Mankouri Jamel, Dallas Mark L, Hughes Mair E, Griffin Stephen D C, Macdonald Andrew, Peers Chris, Harris Mark
Institute of Molecular and Cellular Biology, Faculty of Biological Sciences and Astbury Centre for Structural Molecular Biology, University of Leeds, Leeds LS2 9JT, United Kingdom.
Proc Natl Acad Sci U S A. 2009 Sep 15;106(37):15903-8. doi: 10.1073/pnas.0906798106. Epub 2009 Aug 26.
An estimated 3% of the global population are infected with hepatitis C virus (HCV), and the majority of these individuals will develop chronic liver disease. As with other chronic viruses, establishment of persistent infection requires that HCV-infected cells must be refractory to a range of pro-apoptotic stimuli. In response to oxidative stress, amplification of an outward K(+) current mediated by the Kv2.1 channel, precedes the onset of apoptosis. We show here that in human hepatoma cells either infected with HCV or harboring an HCV subgenomic replicon, oxidative stress failed to initiate apoptosis via Kv2.1. The HCV NS5A protein mediated this effect by inhibiting oxidative stress-induced p38 MAPK phosphorylation of Kv2.1. The inhibition of a host cell K(+) channel by a viral protein is a hitherto undescribed viral anti-apoptotic mechanism and represents a potential target for antiviral therapy.
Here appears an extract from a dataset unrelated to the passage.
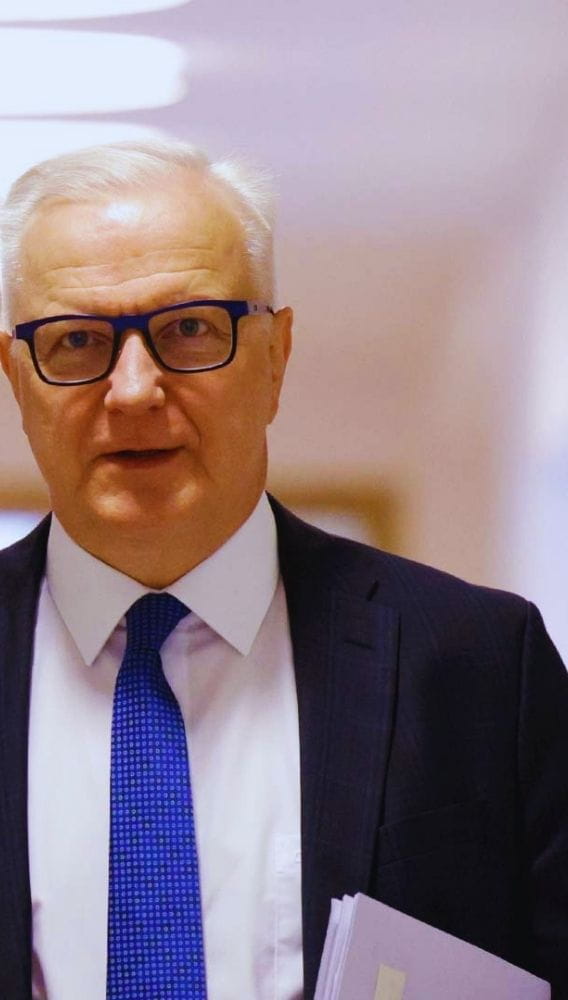 ECB üyesi Rehn: Ücret artışları ılımlı, ikinci tur etkisi görülmüyor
据估计,全球3%的人口感染了丙型肝炎病毒(HCV),其中大多数人会发展为慢性肝病。与其他慢性病毒一样,持续感染的建立要求HCV感染的细胞必须对一系列促凋亡刺激具有抗性。在氧化应激反应中,由Kv2.1通道介导的外向K(+)电流的放大先于细胞凋亡的发生。我们在此表明,在感染HCV或携带HCV亚基因组复制子的人肝癌细胞中,氧化应激未能通过Kv2.1引发细胞凋亡。HCV NS5A蛋白通过抑制氧化应激诱导的Kv2.1的p38 MAPK磷酸化来介导这种效应。病毒蛋白对宿主细胞K(+)通道的抑制是一种迄今未被描述的病毒抗凋亡机制,并且是抗病毒治疗的一个潜在靶点。